The Center for Biological Diversity was joined by Conservation CATalyst, an advocacy organization focused on saving the northern jaguar and ocelots.
Su wrote the new border wall project would “cleave through
the San Rafael Valley and greater Sky Islands region, which is
world-renowned for its immense and unique biodiversity.”
“The Trump administration is unconstitutionally running roughshod
over our bedrock environmental protections to build his cruel, senseless
border wall,” Su said in a published statement. “A 30-foot wall will
stop majestic jaguars and other endangered animals dead in their tracks,
so they’ll likely disappear from the U.S.”
“Trump’s dangerous
obsession with walls and militarization will slash a permanent scar
across one of the most biodiverse regions on the continent,” she said.

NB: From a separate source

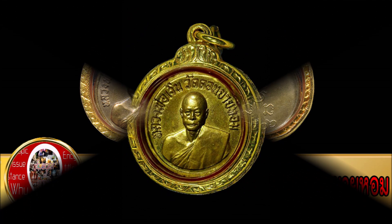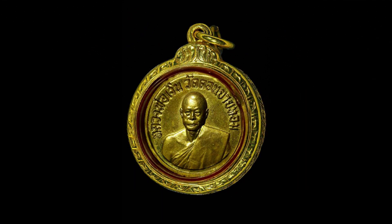ด้านหน้าเป็นรูปหลวงพ่อเงิน มีตัวอักษรล้อมรอบ ด้านบนเขียนว่า หลวงพ่อเงิน วัดดอนยายหอม ด้านหลังเป็นอักขระยันต์ ส่วนวนเป็นตัวอุณาโลม ตรงกลางเป็นตัวนะ ด้านล่างเป็นตัวหน้า 2 ตัว และมีตัวเลข 2506 หมายถึงปีพุทธศักราชที่สร้างเหลียนรุ่นนี้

“We’re suing to stop Trump’s reckless abuse of power and prevent
bulldozers from destroying this spectacular Sky Islands region and the
animals who depend on it.”
In April, the Tucson Sentinel broke the news that CBP officials were
seeking to build a new barrier near the Border Patrol’s Sonoita station,
closing a gap that starts near Border Monument 102 and extends west for
nearly 25 miles.
Since then, federal officials have begun the ground work to build the new wall.
In June, Homeland Security Secretary Kristi Noem waived dozens of environmental laws to build the new wall, which will include 30-foot high steel bollards, each one six-inches square and spaced just four inches apart. The wall will begin east of Nogales in the Patagonia Mountains and run straight across the valley to the Coronado National Monument, about 15 miles south of Sierra Vista, Ariz.
The border is currently defended by a mix of Normandy-style vehicle barriers, barbed wire and screen fencing, however, the Trump administration has pushed hard to close the entire Arizona-Mexico border, even as apprehensions have effectively collapsed, and there are few signs of people attempting to illegally cross through the valley.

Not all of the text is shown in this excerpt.